How to Find Duplicates Automatically in Excel using the COUNTIF function.

Related-View our course on cleaning data with Excel

- - 5:20
- - Skill Level: 5
- - What's my skill level

## Find Duplicates Automatically in Excel

You sometimes need to find duplicates automatically in Excel.

So in this example, what we have got here is a transaction number and you’ll see the first one is 100123 and as you come down you’ll see that same number is repeated a couple of times. So what we want to do is to tell Excel to please find where these situations happen.

The function to use is the **COUNT IF** function. The key logic is how we are going to do the counting. Just working back we want Excel to look at the first row and to say, that transaction number – have I seen it before? – just looking upwards. When it goes to the next cell, it must look between these two and say, have I seen it before, yes or no – how many times? Eventually we will go all the way down here and by the time we get to this cell (B18), what it will do is count how many times its seen this transaction before and in this case it will say, oh, there is another one here. So you are always looking above. So lets do the “**COUNT IF**” function. The range is where we are going to make a major difference. So I’m going to say please look at the range from here and in this case by pushing semi-colon (;), you’ve got the same range (B11;B11) – and the criteria, I’m going to make it this cell (B11).

What is key is, as I copy it down, I want the first cell to stay the same (of the range) but the second reference can move. So I’m going to freeze SBS11 and press ok. If you see Excel’s result – it has found one time of this transaction. If I copy it down to G31. As we go down, you’ll see the area it looks at is ever increasing until it gets to row G18 where its now looking and saying in this range, I have found this transaction twice – and going down you’ll see 3, 4, 5 etc. And now what we want to do is in a separate column, we want to tell Excel where is the first instance of any particular transaction number shown.

So, for example, this 2, 3, 4 – all of them are irrelevant to us – we don’t actually care – we know that that means that they are duplicates – all we care about is the 1’s. So a simple way to do it is use the “**IF”** function and just say, if this is a 1, that’s fine – we’ll just put a 1 for example, if its not a 1 put a 0 or another word. So I’m just going to use the function wizard, go to the “**IF**” function- the logical test here is that if this cell is = to 1, then I know that that is a unique situation, if its true in my case I’m going to put a 1, you may put a word saying “unique” or whatever you want it to be. If its not a 1, then it must be a duplicate, so you can either be a word but I am going to put a 0 in, say ok and now I copy it down.
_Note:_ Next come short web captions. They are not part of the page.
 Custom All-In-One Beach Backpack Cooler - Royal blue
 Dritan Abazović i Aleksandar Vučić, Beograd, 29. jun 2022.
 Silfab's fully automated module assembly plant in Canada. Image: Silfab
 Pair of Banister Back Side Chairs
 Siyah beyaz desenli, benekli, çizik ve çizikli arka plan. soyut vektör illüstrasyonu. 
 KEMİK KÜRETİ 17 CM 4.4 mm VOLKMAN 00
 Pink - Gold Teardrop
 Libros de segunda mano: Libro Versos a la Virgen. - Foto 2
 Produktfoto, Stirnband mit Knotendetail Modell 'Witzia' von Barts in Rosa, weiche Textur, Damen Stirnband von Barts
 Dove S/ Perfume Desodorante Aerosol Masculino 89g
So what you’ll see here is that all unique transaction numbers, get 1s.

Wherever there are duplicates, you now get 0s. If you wanted to now, you could set up the data filter. You could say just show me the 1s and you will see only the unique numbers. What we can now do is take it a step further. What we want to do is uniquely identify the unique items. So what we want to be able to say is- give an absolutely unique number to the lines that are unique – so for example, that will be a 1, that will be a 2. When it gets down here where there are duplicates, we don’t actually want numbers for these, but we want unique numbers here.
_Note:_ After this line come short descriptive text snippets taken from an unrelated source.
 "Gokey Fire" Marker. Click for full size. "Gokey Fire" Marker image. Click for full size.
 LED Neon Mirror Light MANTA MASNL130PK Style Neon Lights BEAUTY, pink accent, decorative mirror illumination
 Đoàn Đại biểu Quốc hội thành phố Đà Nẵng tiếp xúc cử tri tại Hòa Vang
This will allow you to do things like “**VLOOKUP**” on the set of data. The way you can do that is by using an “**IF**” function. So let’s activate the function wizard, get the “**IF**” function. What we want to do now, is every time we see a 1, in this first instance column, I want to have a unique number so I’ll take a number and add 1, if there’s not a 1, and there’s a 0, then I want Excel to ignore it and put a 0. So the logical test is, is this cell = 1. If its true, and again we are going to use a growing boundary – I want it to sum. So we go from here to itself (I am just going to freeze that). If its false I want to put a 0.

Now this is the key – the easiest way to show what this is doing is to copy it down – say ok, copy it down. What you’ll see the first time it finds a 1 so it adds the 1 in if you go down again – it sees a 1 so it adds these 2 together. If we go down again, it sees a 1 so adds these 3 together. When it gets to the first 0, it sees 0 and we have told it- please make it a 0. When it finally finds another 1, it then goes and adds all of them together. What you can now see, is that you have got an absolutely unique number for every unique row of information and you’ll see it goes up to 13. At this point now it is possible to extract all this information using something like a **VLOOKUP** command.

What you could do is using a **VLOOKUP** command you could set up a separate spreadsheet, have a grouping of numbers – 1,2 3 etc and all the **VLOOKUP** will do is it will look on this table, find the unique item called 1 and maybe pull through this set of information. Another problem with duplicate values is that sometimes you are not looking for a duplicate value at this level, you maybe want it to be the same transaction number, the date, etc. For this methodology what you can then do is you need to create a single cell that represents absolute uniqueness.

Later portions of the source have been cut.